I try not to be so painfully aware of you, but I don’t think I’m succeeding much. I worry if anyone else ever notices my glances that last just a second too long, or the smiles that touch my lips when there’s nothing funny. Somehow I can’t help it. I just smile because I’m thinking, gosh he’s such a dork. And I mean this in the best way possible. Somehow, you’ve found your way under my skin. And I’m left powerless and defenseless to your charms.
You don’t even realize how cute you are. When I mention you to my sister, we both agree that you’re very handsome. I even notice when you’re wearing a nicer shirt than usual, and when we get to your house I notice when you undo some of the top buttons.

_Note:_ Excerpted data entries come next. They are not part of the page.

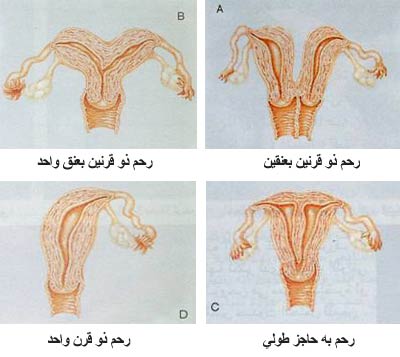 الرحم ذو القرنين والجماع - أعراض الرحم ذو القرنين 12228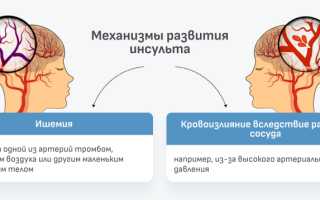 Восстановление после инсульта: как вернуть когнитивные и двигательные функции, зрение и моторику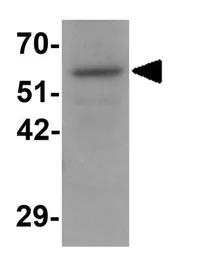 Anti-OGFOD1 antibody used in Western Blot (WB). GTX31426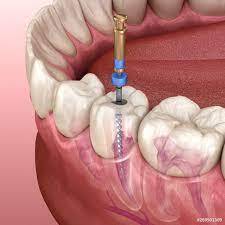 emergency root canal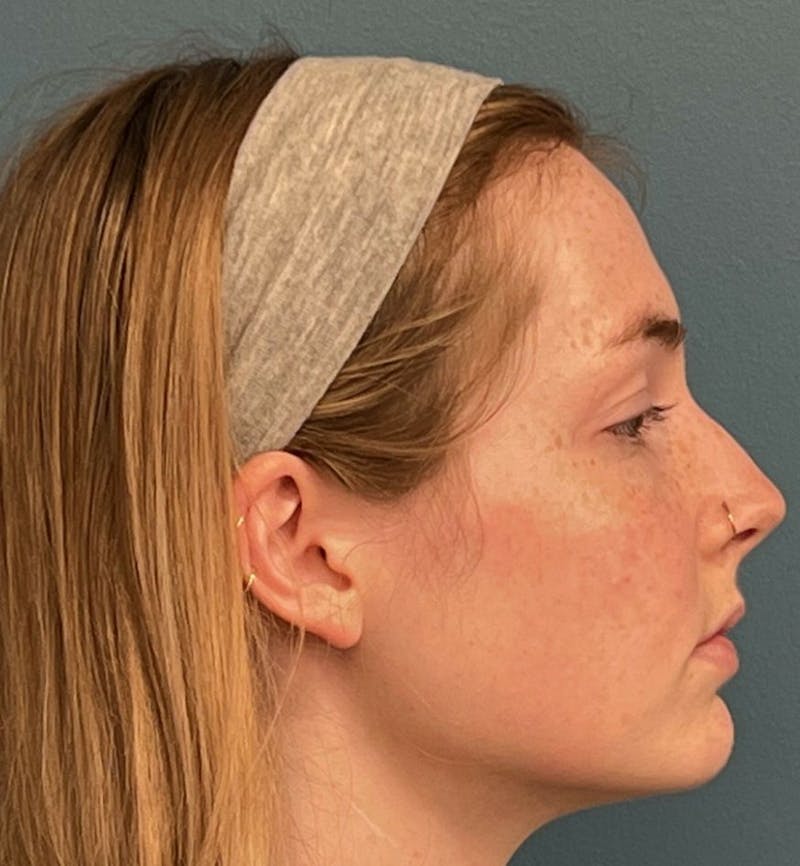 Rhinoplasty Before & After Gallery - Patient 396723 - Image 3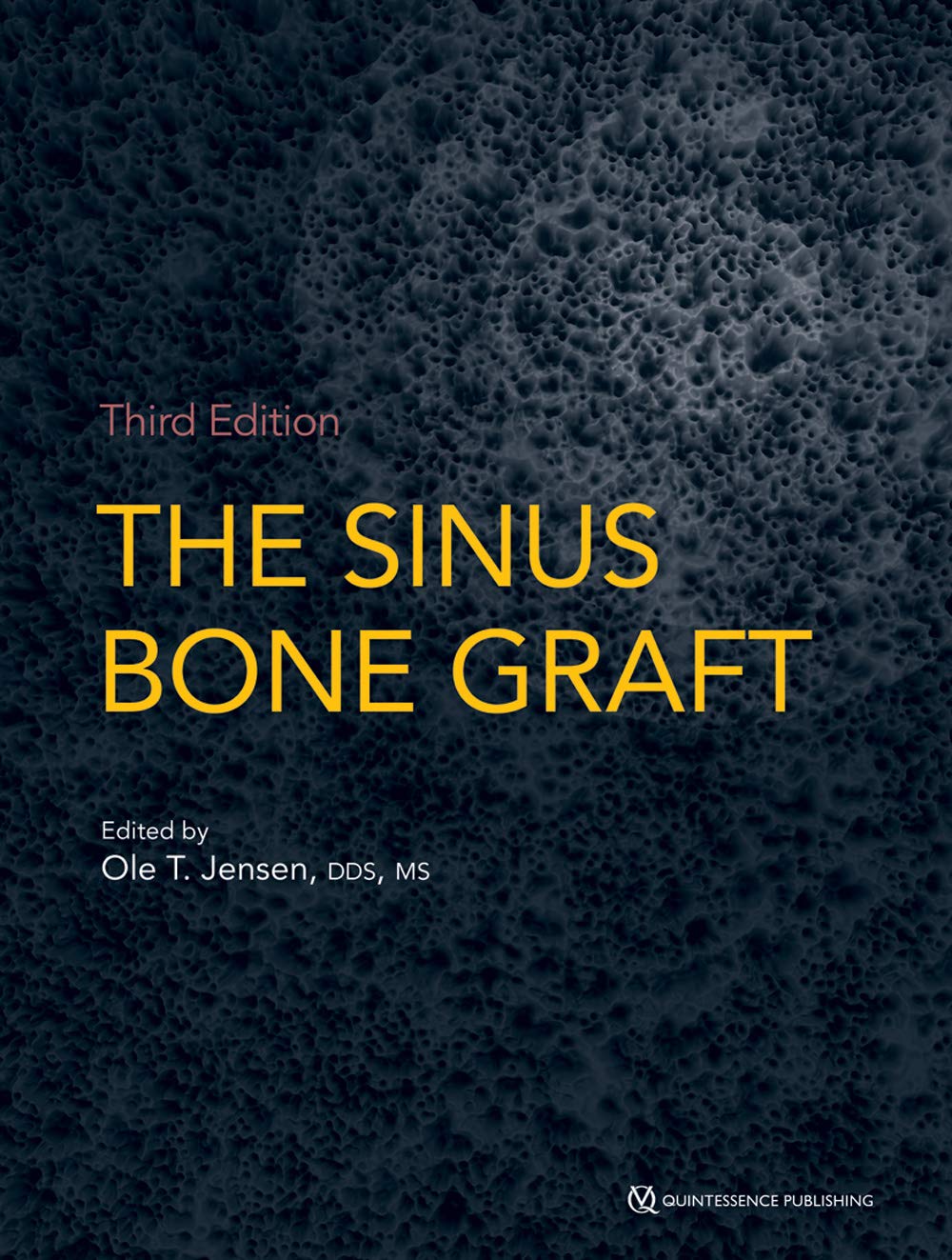 Buy The Sinus Bone Graft — BookShops.in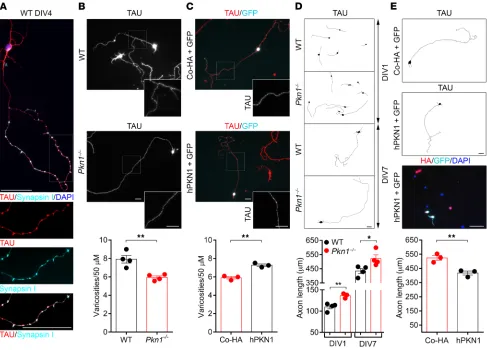 Figure 2. Pkn1swellings colocalized with the presynaptic marker synapsin I (images were taken at DIV4 and are representative of at least 3 separate experiments in WT and tcontrol HA-plasmid (Co-HA) or human HA-tagged Cgcs [2-tailed unpaired –/– Cgcs have a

My eyes are drawn to it, and I think I made you self conscious.
You chose to change your shirt in the other room. You weren’t facing us, but I heard the swish of fabric and turned around and saw you. I instantly had to turn the other way and pretend like I didn’t notice, like the rest of our friends.
You can’t even go behind a door or something?
I notice all of the little things.
And sometimes I wonder if it’s ever possible for me to make you feel this way. Will I ever make you feel flustered, self-conscious, or overly aware of my actions?
I hope one day we can go to a party and I can just wow you. I know that I clean up nicely. I hope someday I’ll be able to see your jaw drop when I’m all dressed up.
Knowing that you could think of me as a girl, and not just a friend who is a girl, would make me feel very satisfied indeed.
In this kind of situation, I imagine you asking me to dance.
Images of a rosy future play happily in my head. But I have no idea whether this fantasy will become a reality. For now, I’m just your friend. And I’m too scared to make a move, because I don’t want to lose you. If you ever became interested in me, I’d be alright with that. But for now, just have to try and not be so painfully aware of you.
I guess that’s why they call it a “crush”, without you knowing, you’re crushing my heart.